"Currently, we are conducting a study for a major mining company in Chile to build a command center in Antofagasta that will allow them to remotely control their plan operations using artificial intelligence and automation, thus minimizing their operational cost and increasing their safety."
What is the core business of Wood in the mining sector and what are your most promising areas for growth?
Wood has approximately 1000 employees here in Chile, with most of them devoted to mining. In the engineering area, Wood’s complete services add value across the mine life cycle. Wood´s service lines handle mineral resource and project evaluations, mine planning and design, mineral processing and metallurgy, engineering design and project management, environmental permitting and water management services, automation and control, and construction. The automation and control group directly supports our clients in leading their digital and technological transformation efforts towards operating the mine of the future.
Can you tell us about the opportunities you see for Wood in tailings and your offerings in that area?

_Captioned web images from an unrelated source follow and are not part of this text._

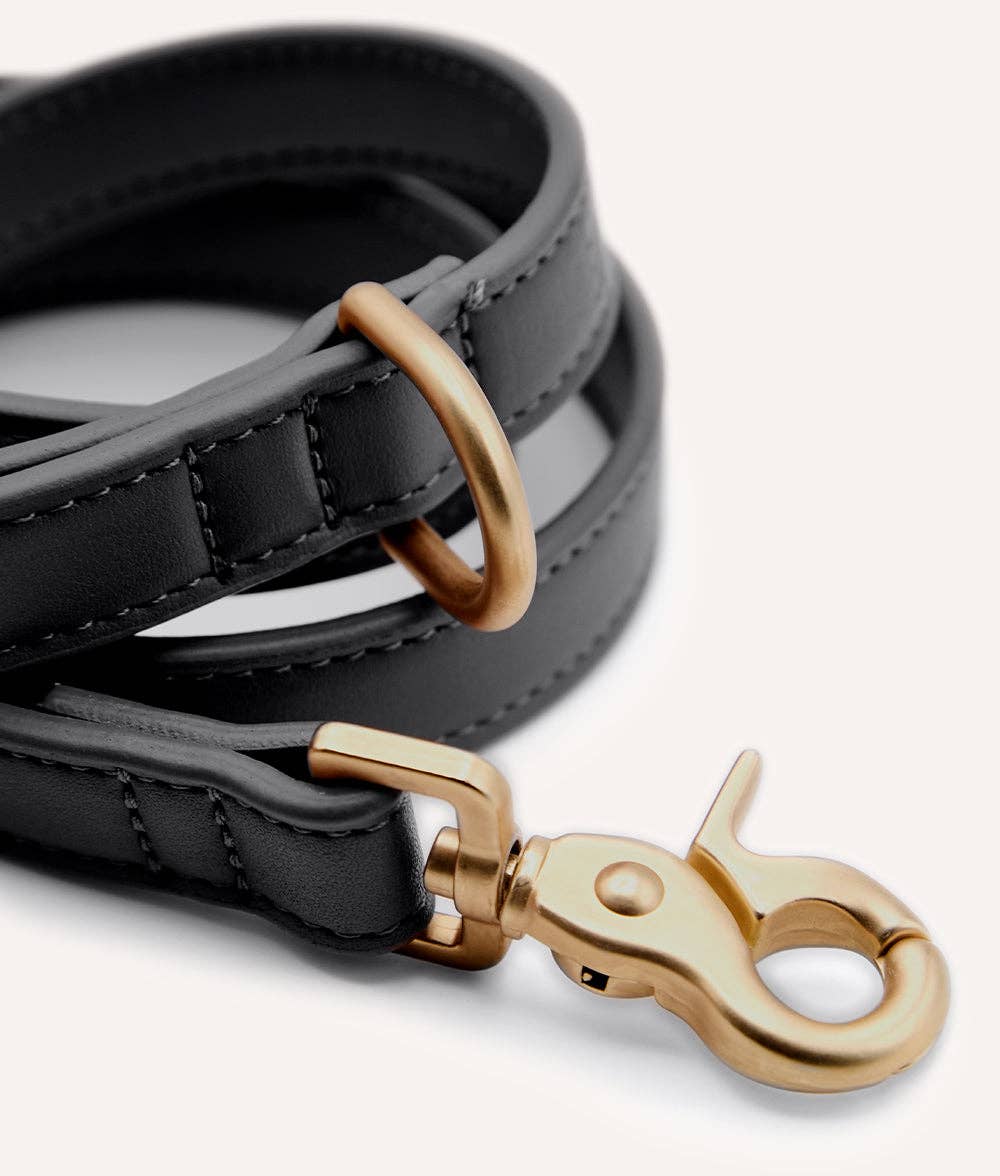 Black leather dog leash with gold clasp on a white background
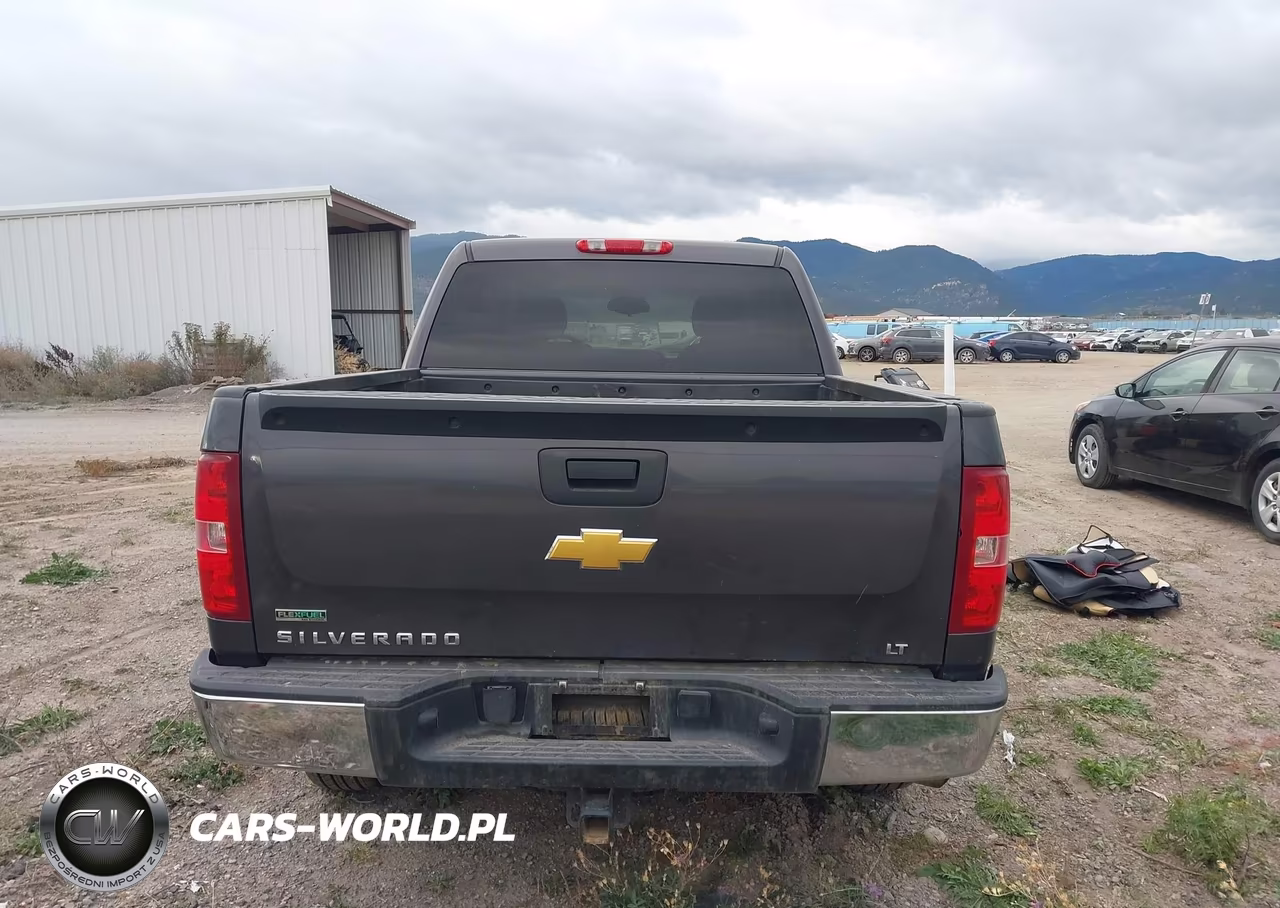 2010 Chevrolet Silverado 1500 Lt VIN:3GCRKSE31AG266656 - 16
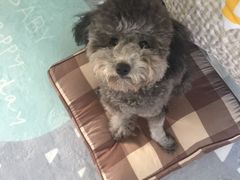 -芭比堂动物医院·犬猫全科·异宠专科(雁塔分院)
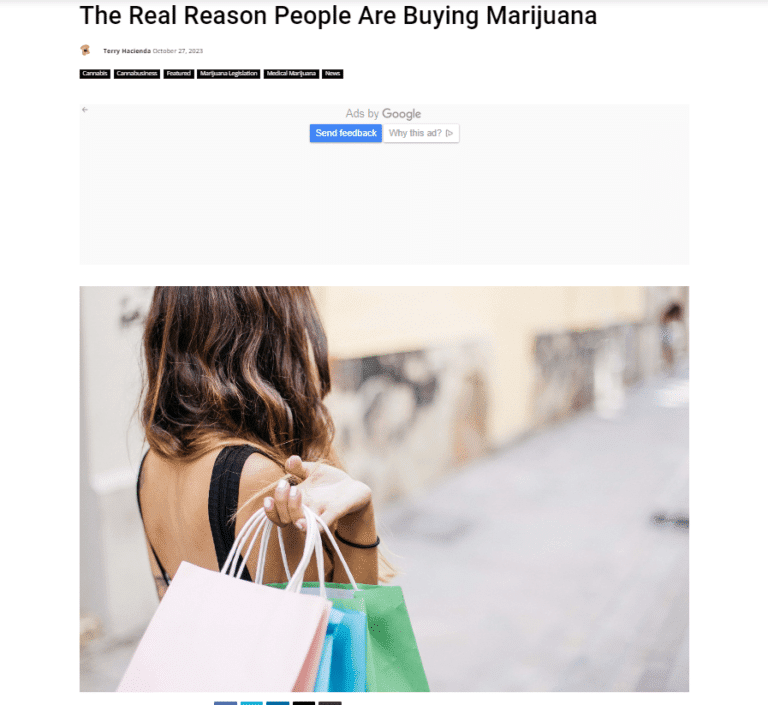 Article Screenshot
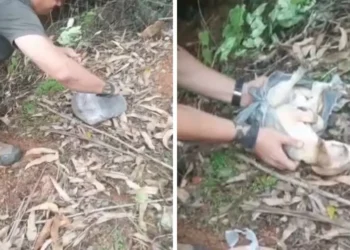 Cachorro agonizando dentro de sacola é salvo após ser agredido e descartado em SC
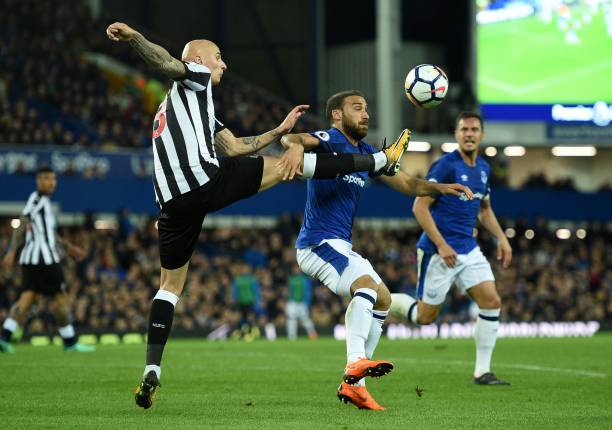 高了球员品 高了球员品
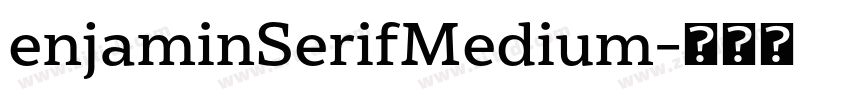 enjaminSerifMedium字体转换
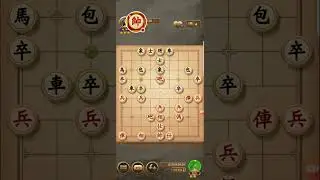 binh luan giao luu co tuong ziga buoi trua cuoi tuan vui ve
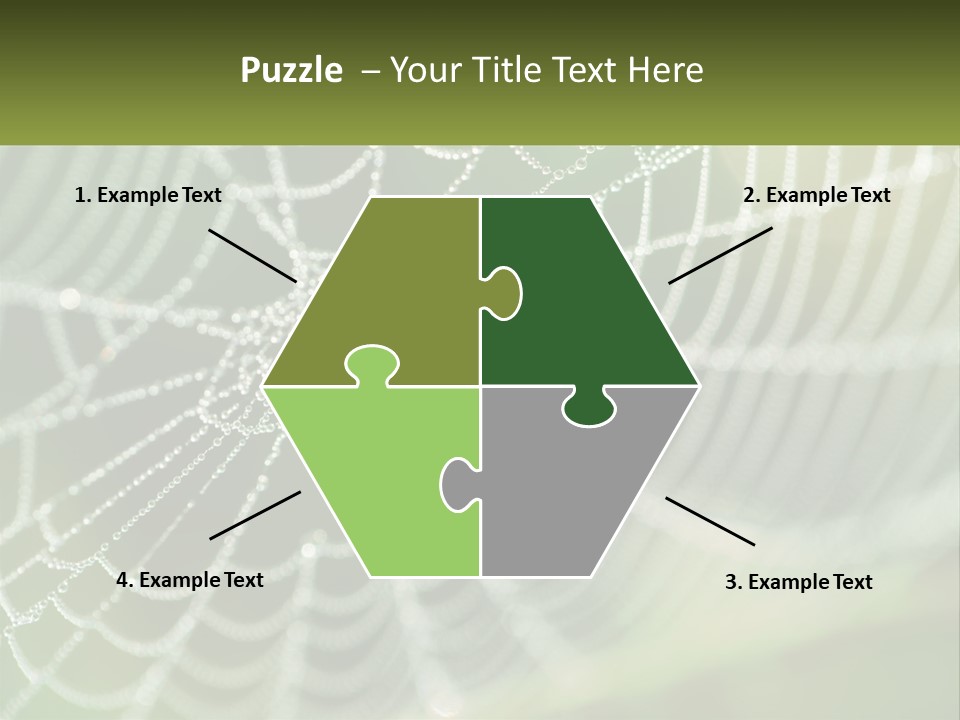 A Spider Web With Dew Drops On It PowerPoint Template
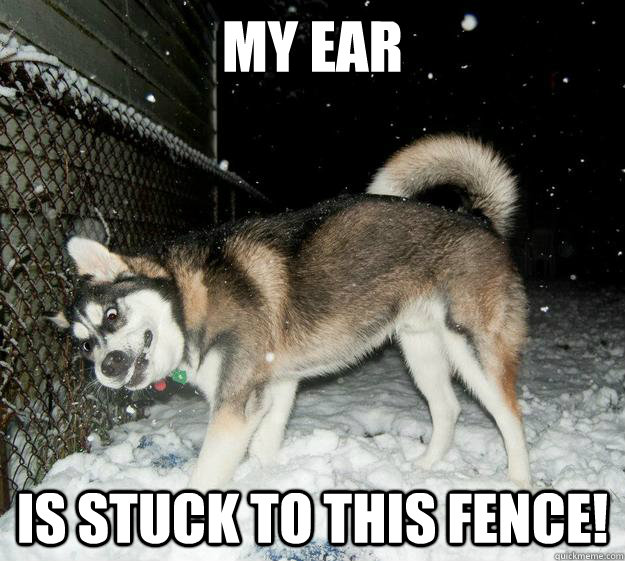 My ear is stuck to this fence!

Wood´s environment and infrastructure group assists our clients in the tailings area. Wood has been retained by several of our clients to be the Engineer of Record (EoR) for their tailings facilities here in Chile, and we are assisting them in the development of safer operation protocols and tailings disposal alternatives such as dry stacking and thickened tailings, to lower the chances of a dam failure. Globally, the industry has had dam failures, which have raised safety issues related to the operation and design of tailings facilities, and because of this, we are spending a bit of time in finding solutions for these challenges.
Can you elaborate on any lithium projects that Wood is working on?
Globally Wood is involved in several lithium projects. In Chile, currently we are working on the La Negra project, located close to Antofagasta. We are executing an EPCM contract for the construction of a lithium carbonate plant that extracts the mineral from the Salar de Atacama. We have a similar lithium project in Australia.
What is the role that automation, data analytics, and robotics will play in the future of mining?
Within Wood’s technical consulting solutions (TCS) we have a large group called automation and control (A&C). The A&C group has been leading innovation in the manufacturing industry for many years. This expertise has been levered to support our mining clients with their digital transformation and innovation efforts to design the “mine of the future.” We are working with clients in Latin America to implement new technological innovation strategies that will allow them to incorporate big data into their decision making. Currently, we are conducting a study for a major mining company in Chile to build a command center in Antofagasta that will allow them to remotely control their plan operations using artificial intelligence and automation, thus minimizing their operational cost and increasing their safety.
How has the demand been for Wood’s technology services?
In the past the mining industry has been a bit slow in the adoption of new technologies but now, because of the necessity for increased efficiency and productivity, clients are keen to be at the forefront of early adoption.
How can Wood’s Services boost efficiency in energy?
Within Wood, we have a group called clean energy, which works with solar, wind, and hydro energy. The clean energy group is assisting clients with installing these systems within mines to power certain operations with more sustainable sources of energy. The use of renewable sources of energy helps our clients to manage their costs on energy consumption. Wood has installed five million solar panels in the United States for clients, so we have distinct expertise in the area of energy.
What strategies does Wood aim to achieve in Chile over the next 2-3 years?
Our vision for the company is to assist clients in two areas. One is in energy transition materials. Here, we want to be involved with anything dealing with electrification. That means copper, lithium, nickel, and cobalt and we are developing our expertise in all of those areas. The second area is sustainable building, which is about helping in water and energy, which are the main building blocks in Chile going forward.
What are your views on the Chilean mining market in 2020?
I am optimistic about 2020. We have had some troubling times in the last few months and I hope that it does not impact the mining industry in Chile. Chile has been a success story in mining because it has been a stable and transparent place to do business. We know what to expect in terms of taxes and laws and, as long as those remain stable, then this is a great environment. If any of those start to move then people will start thinking twice about their investments.